Lucky Col
Dance as though nobody's watching, love like it's never going to hurt

Friday, March 31, 2006

White Lines - Don't Do It

Just heard the new Snow Patrol single on the radio. Their last album was released in a turbulent time in my life and has become part of my soundtrack for that time.

However, the new single couldn't be any more MOR if it had cats-eyes and white lines all over it.

Disappointing, bland, warbling rubbish.

Thursday, March 30, 2006

Room 101 #4 - Mobile phone contracts

I've never had a mobile phone contract, always preferring the relative safety of pay-as-you-go. I've seen people get stupidly high phone bills, automatically taken from their bank accounts, mainly on the basis that they seemed to have lost the art of talking using their mouths instead having 1 word conversations, at 12p per word, using the medium of 'text msgs'.

However, I'm now considering dipping my toe into contract land.

I've had a camera phone for a while now and my credit drops quicker than an x-factor loser's album sales whenever I send pictures of Forest games to my 16 year old brother-in-law in Scotland (who, while I'm at it, NEVER texts me back either, you know who you are).

Also, and this is probably a bigger reason, phone envy. A mate of mine has got one of the new TV phones and can see Premiership goals just after 5pm on a Saturday. Not much use now for your average Forest fan, but in 18 months .....
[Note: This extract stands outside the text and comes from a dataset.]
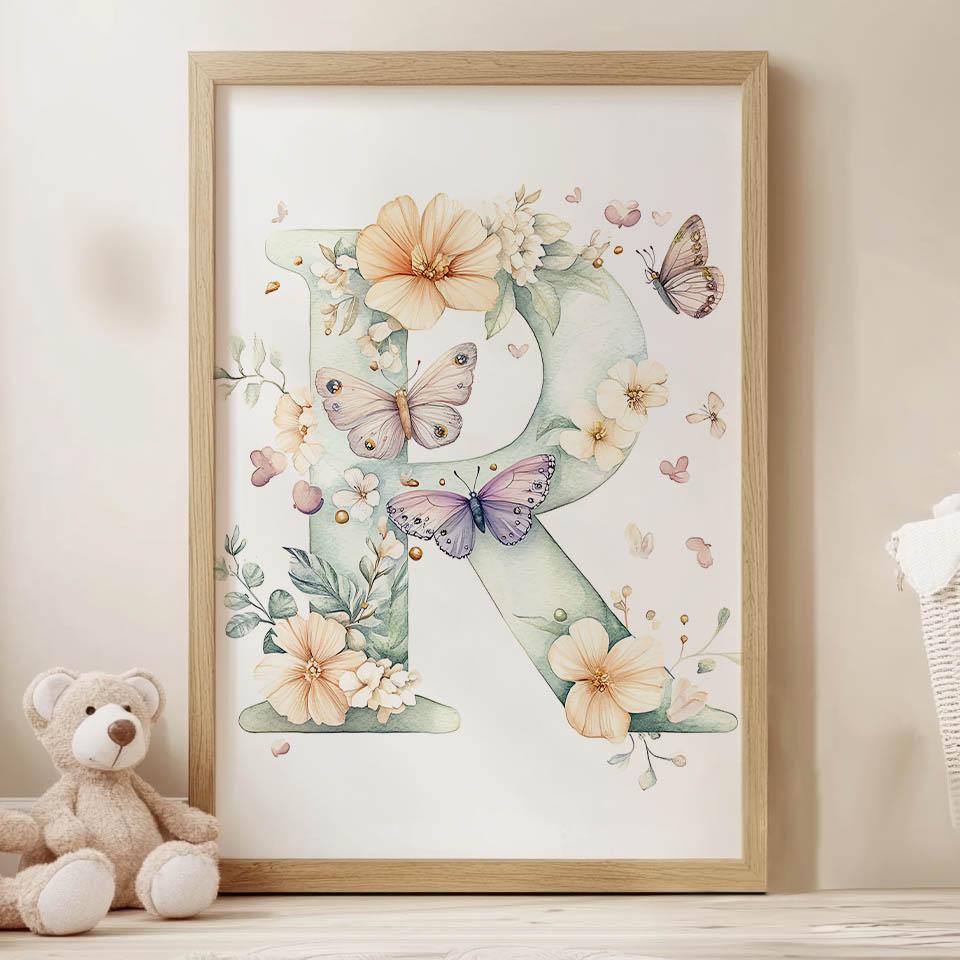 Plakat Literka "R" W Kwiatach I Motylach Plakat Literka "R" W Kwiatach I Motylach, 30X40 Cm, Bez Ramy, Płótno Premium Na Blejtramie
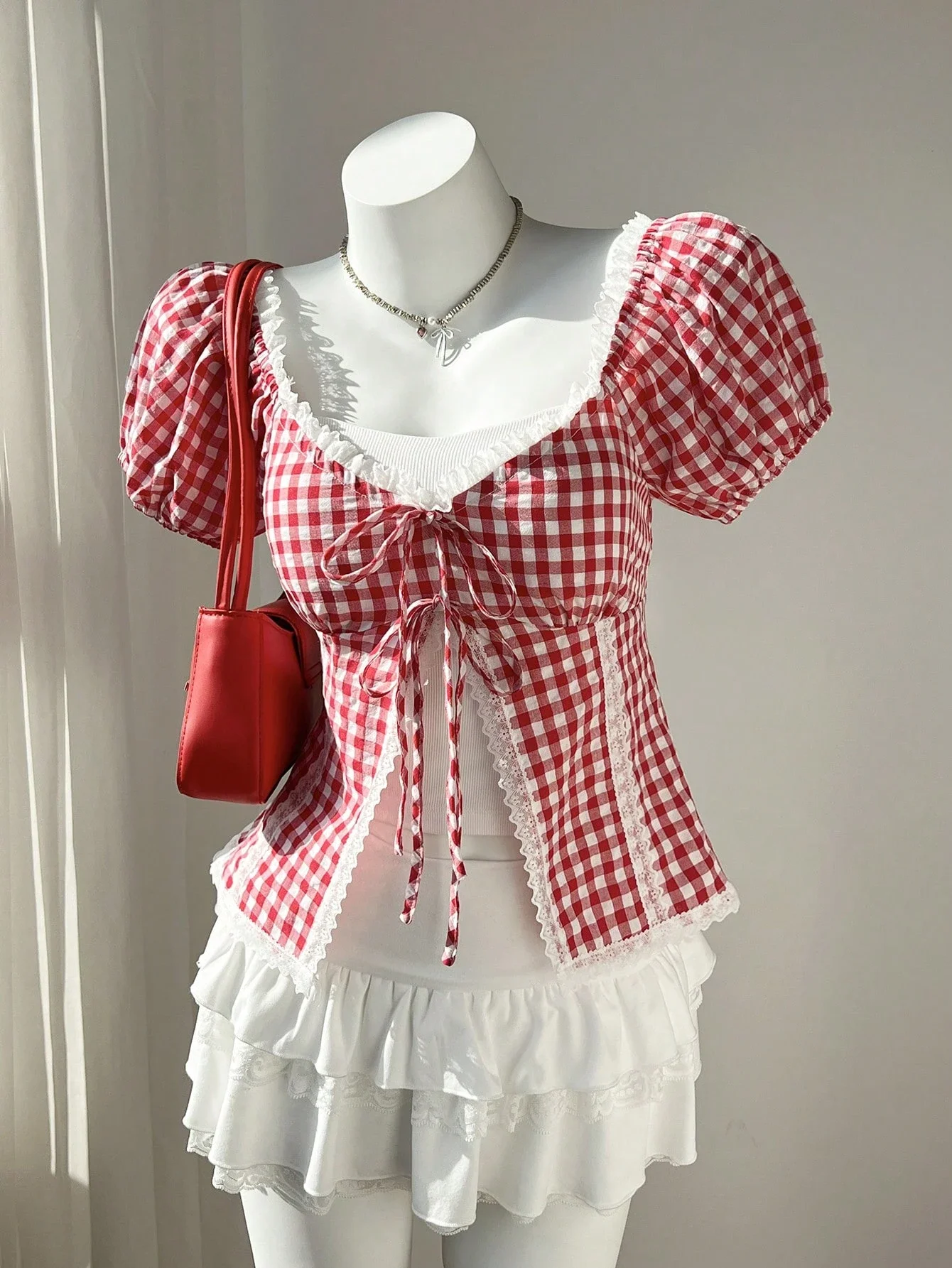 

Red And White Plaid Lace Trim Puff Sleeve Blouse For Women Spring Summer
I mention in the pub that I'm after a new contract phone, and the table of people I'm with suddenly turn into a Monty Python sketch, The Rich Yorkshiremen. "When I was a lad ...." etc etc etc.

** start fake Yorkshire accent here **

"Get a phone like mine, 100 free minutes, 100 texts a month and a free case"

"No, no, no, you want one like mine, 200 free minutes, 200 texts, a free case plus an MP3 player"

"Call that luxury? The one I've got is better than that. 300 free minutes a WEEK, unlimited texts, a free case, MP3 player and if I lose it, a replacement to my door within 24 hours"

"Right then. The phone I've got pays you to talk, if you send a text a member of the royal family writes your message on Egyptian parchment & delivers it personally. Its case is made of solid gold and instead of a ring-tone, U2 follow you round all day with their instruments playing a selection of their hits whenever the phone rings. If you lose your phone, or even if you don't, every day a new one will be delivered by a scantily clad buxom virgin."

"And if you tell Vodafone that, they won't believe you"

Well, that's that then

Just when you think it's all going so well that you start to believe that maybe, just maybe, we could sneak a play-off place and be in pole position for promotion back to the Championship, they go and give us the kiss of death.

Monday, March 27, 2006

How do they do that ?

12:30 Friday afternoon, booked tickets to see The Wedding Present @ The Rescue Rooms in June.

Paid on the internet, job done.

9am Saturday morning, there were the tickets on my door mat waiting for me when I got up!

How do they do that ?

Game on

Forget the pessimists who cover themselves emotionally by saying we won't make the play-offs, another three points on Saturday (when not playing particularly well, the sign of a good team) and we're now only seven points off 6th place with seven to play.

My optimistic spark still burns, come on.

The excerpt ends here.